-- Exercise objective --
Only the lines from the one with "thanh long Việt" through the last line of the material below belong in the answer, copied exactly and without pictures.

Data provided: Begin

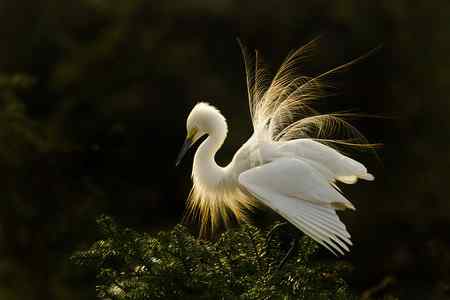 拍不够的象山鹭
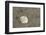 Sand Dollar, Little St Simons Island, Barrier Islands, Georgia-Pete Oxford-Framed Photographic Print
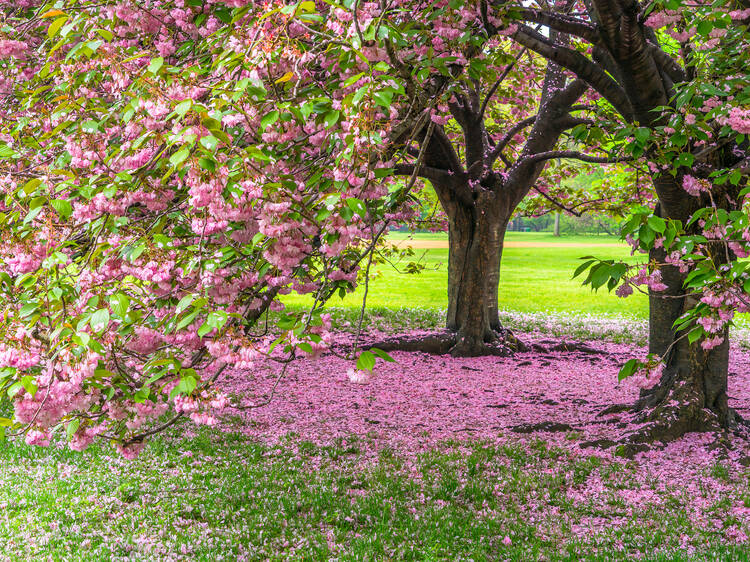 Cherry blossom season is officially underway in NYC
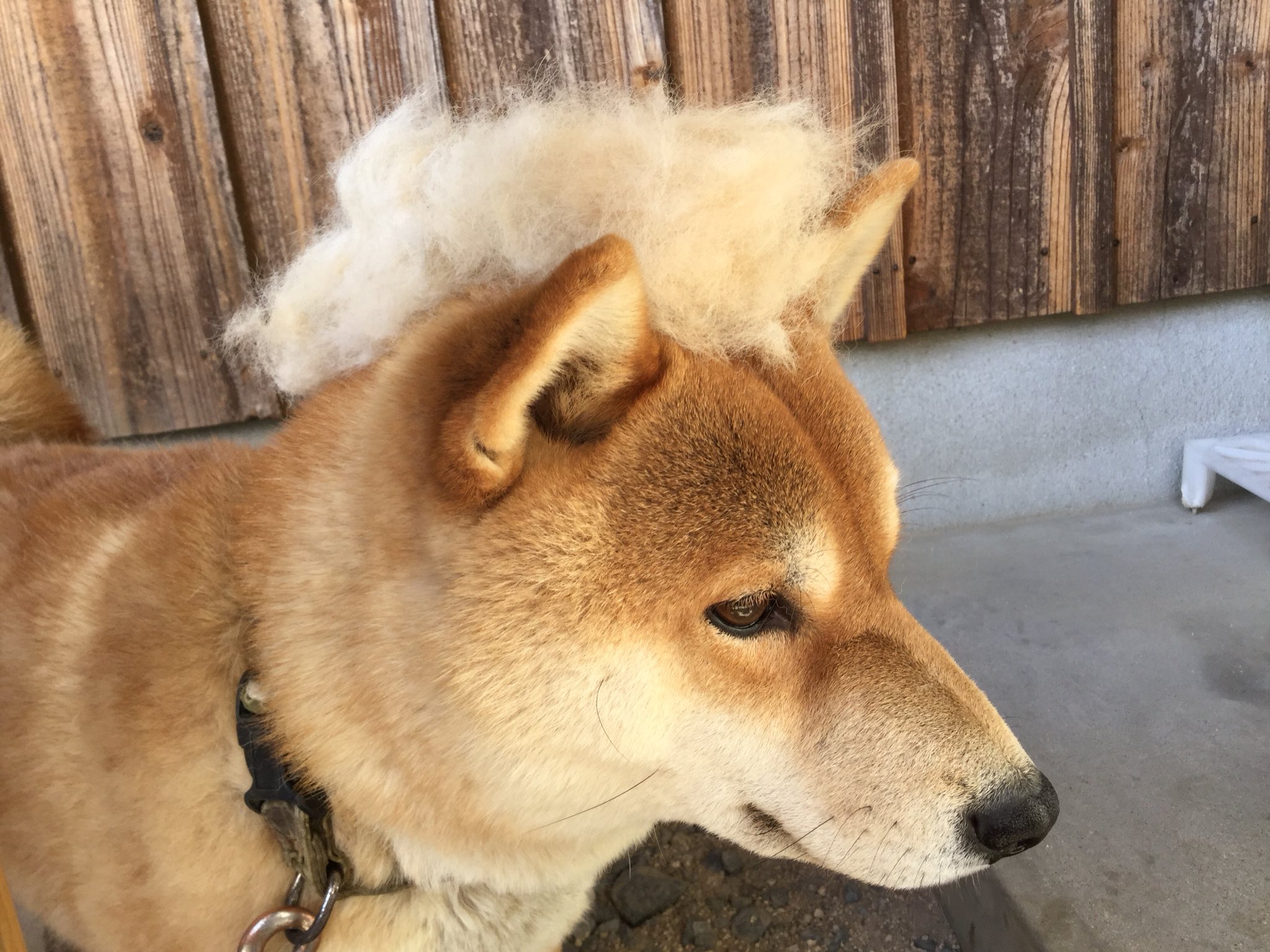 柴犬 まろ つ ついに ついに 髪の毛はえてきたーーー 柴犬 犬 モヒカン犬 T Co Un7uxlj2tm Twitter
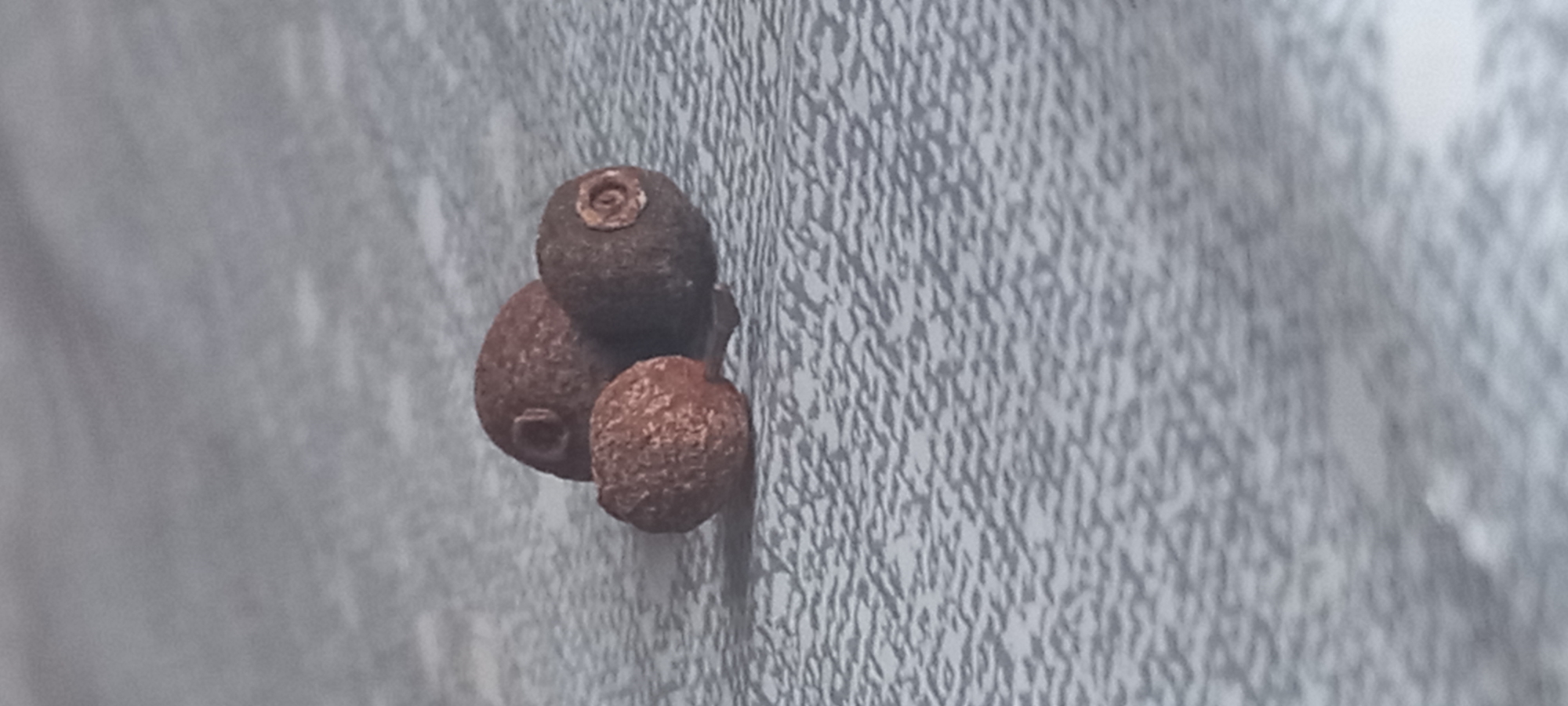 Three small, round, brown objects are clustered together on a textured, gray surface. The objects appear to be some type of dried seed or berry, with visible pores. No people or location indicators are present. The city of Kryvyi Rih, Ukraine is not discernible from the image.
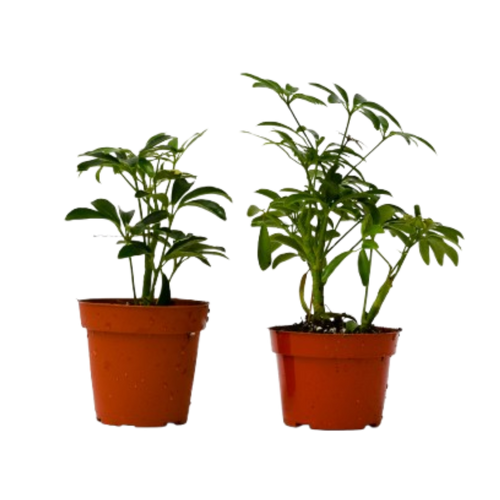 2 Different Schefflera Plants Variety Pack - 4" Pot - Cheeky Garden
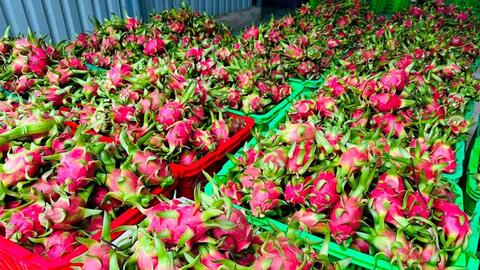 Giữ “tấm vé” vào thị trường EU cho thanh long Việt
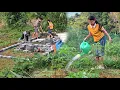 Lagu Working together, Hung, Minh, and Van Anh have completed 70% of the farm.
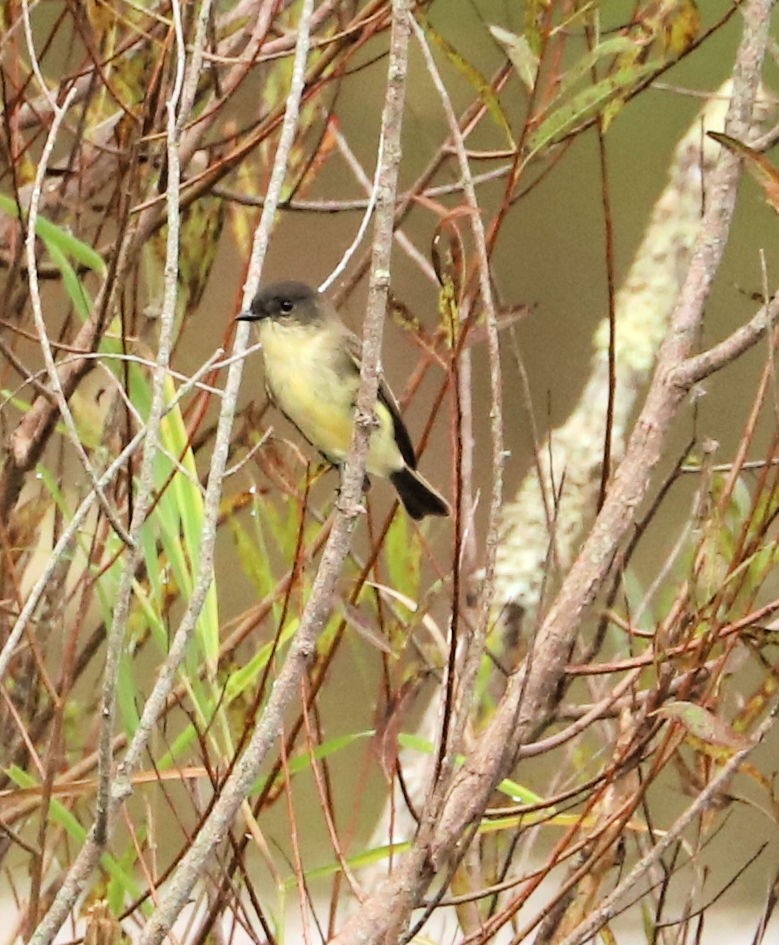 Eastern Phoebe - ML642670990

Data provided: End

-- Your solution --
 Giữ “tấm vé” vào thị trường EU cho thanh long Việt
 Lagu Working together, Hung, Minh, and Van Anh have completed 70% of the farm.
 Eastern Phoebe - ML642670990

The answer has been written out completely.